Il est en effet peu de villes qui en offrent de plus vifs et de plus attachans. Son origine remonte à l’histoire des Gaules. Nous ne chercherons pas à soulever le voile qui couvre cette vénérable antiquité : nous nous contenterons de glaner dans le champ assez fécond des faits constans et avérés.
Ce fut dans les murs de Lapurdum (nom primitif de Bayonne, qui se conserva jusqu’au Xe siècle) que les députés de la Novemlopulanie prirent la généreuse résolution de résister aux armes victorieuses du conquérant des Gaules. César chargea son lieutenant Crassus de les soumettre, et la cause de l’indépendance, de la justice et de la liberté succomba devant la supériorité de la discipline et de la science militaire de Rome. Bayonne devint dès lors le lieu de la résidence d’un tribun, d’une légion et d’une flotte stationnée dans l’Adour. C’était déjà alors une cité importante, capitale d’une contrée qui comprenait, d’un côté, la petite province de Labourd, dont Irun, Fontarabie et Saint-Sébastien faisaient partie ; et, de l’autre, le pays des Boïens, qui s’étendait dans les Landes, le long de la côte, jusqu’au bassin d’Arcachon.

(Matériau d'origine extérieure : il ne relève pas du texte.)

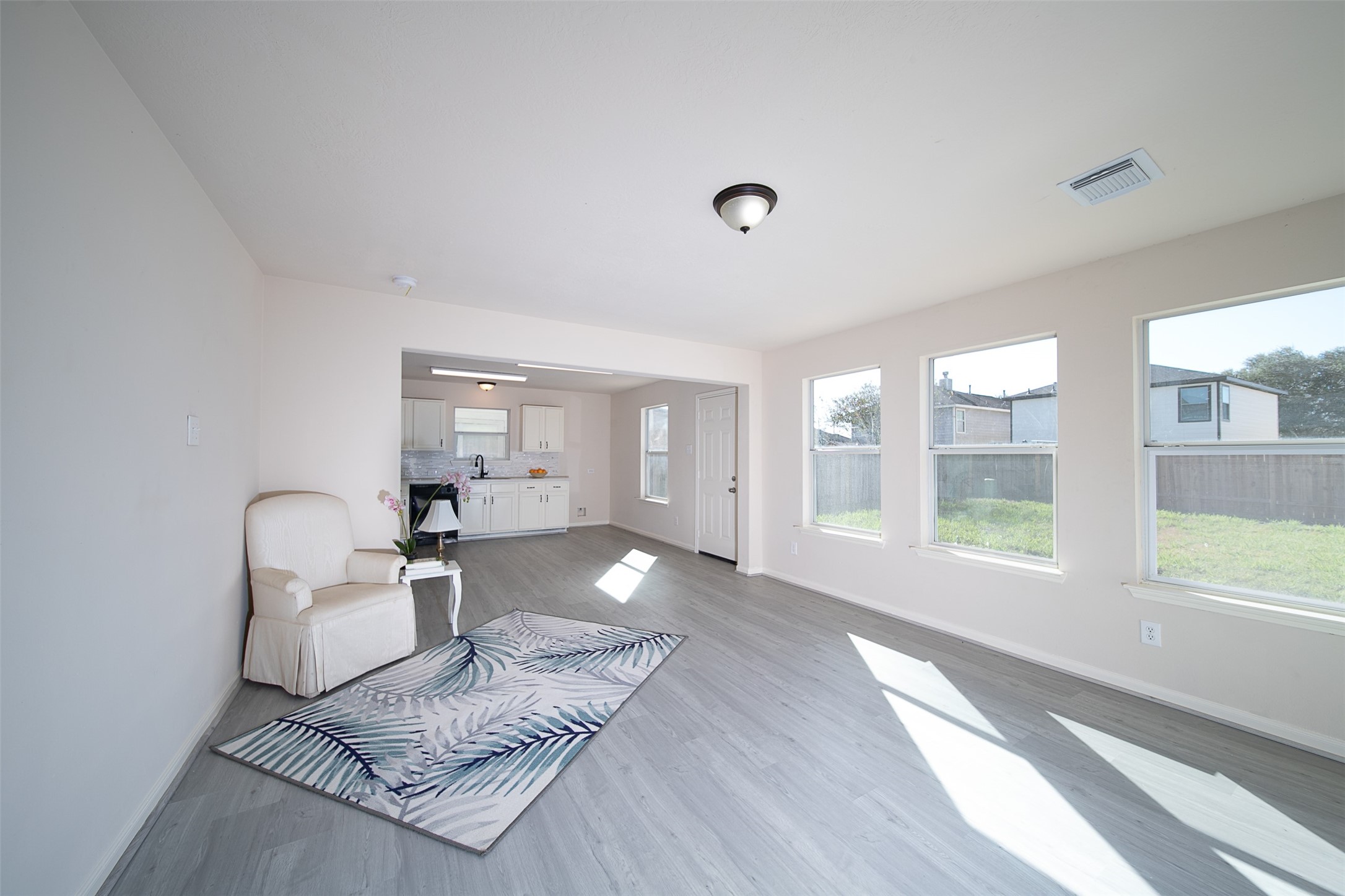 12934 Kingston Point Lane Property Photo 11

Un grand nombre de souverains ont habité cette ville, ou du moins ils y ont résidé momentanément ; dans le nombre, nous citerons l’empereur Auguste, Julien l'Apostat, plusieurs de nos rois des première et seconde races, les rois d’Angleterre Richard II et Henri III, qui y fixa sa résidence ; Louis XI, François 1er, Charles IX, Henri IV, Louis XIV, Napoléon, et les rois d’Espagne Charles IV et son fils Ferdinand VII.
Bayonne a éprouvé bien des vicissitudes, prise en 712 par les Sarrasins, ses habitans embrassèrent l’islamisme, mais sans devenir, à ce qu’il paraît, de très fervents musulmans, car, assiégés vingt-deux ans après, ils capitulèrent et consentirent de très bonne grâce à redevenir chrétiens. Au VIIIe siècle, les Normands s’en emparèrent et s’y fortifièrent ; de là leurs flottilles remontaient l’Adour et le Gave, et allaient porter la dévastation dans le Béarn et la Gascogne.

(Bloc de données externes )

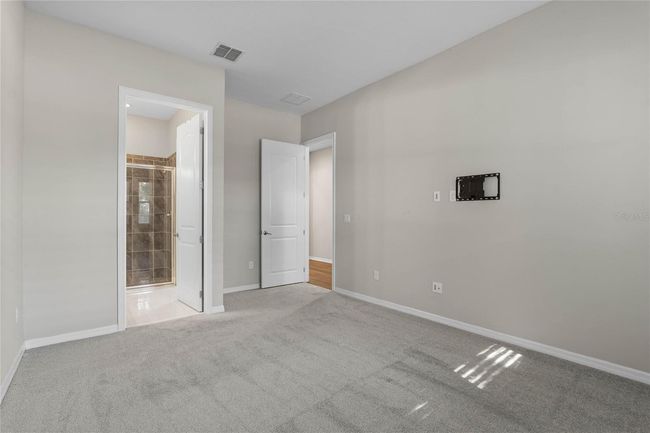 5th Bedroom (1st floor) with ensuite bath | Image 9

Pendant la longue lutte entre la France et l’Angleterre, Bayonne était la principale place d’armes des Anglais ; ils y préparaient leurs armemens par terre et par mer ; et lorsqu’ils perdirent Bordeaux, elle devint le centre de leur puissance et le rendez-vous de tous les capitaines anglais et gascons.

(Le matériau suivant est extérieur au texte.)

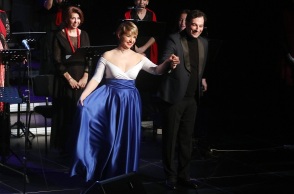 Νάντια Κοντογεώργη: Θα πεθάνουμε ευτυχισμένες που υπηρετήσαμε τον σύζυγο;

Ce fut sous la domination anglaise que Bayonne acquit ces franchises qu’elle défendit depuis avec tant d’ardeur et de persévérance. Jean sans terre, devenu roi d’Angleterre et duc d’Aquitaine, lui accorda une charte qui pourrait être enviée par beaucoup de villes de l’Europe moderne. La ville s’imposait elle-même, elle était gouvernée par un maire, nommé par le souverain sur la présentation de trois candidats, et par un conseil composé de cent pairs, dont douze échevins nobles, douze jurats négocians et soixante-seize conseillers bourgeois ou artisans, tous nommés librement par le peuple. Cette assemblée délibérait souverainement sur toutes les affaires d’administration, de justice et de police. La libéralité des institutions de la ville de Bayonne et son association aux villes anséatiques en fit une espèce de république comme Marseille et La Rochelle. Ses privilèges, quoique souvent modifiés, se sont conservés jusqu’à l’époque de la révolution.
ARMOIRIE VILLE DE BAYONNE PAYS BASQUE D'ANTAN |
Les armes de Bayonne portaient une devise un peu gasconne : Numquam polluta, jamais souillée, ou toujours vierge. Pourtant elle a été prise et reprise sept fois alternativement par les Anglais et les Français, et ce ne fut que sous Charles VII qu’elle fut enfin réunie définitivement à la France. Depuis, ses habitans se signalèrent par leur dévoûment à la patrie ; ils se couvrirent de gloire par leur belle défense contre les Espagnols en 1523. Tous les habitans, hommes, femmes et enfans, accoururent à la défense de leurs remparts. C’est dans cette occasion que les arquebuses, les fusils, ayant manqué, l’on forgea
Cette arme que jadis, pour dépeupler la terre,
Dans Bayonne inventa le démon de la guerre.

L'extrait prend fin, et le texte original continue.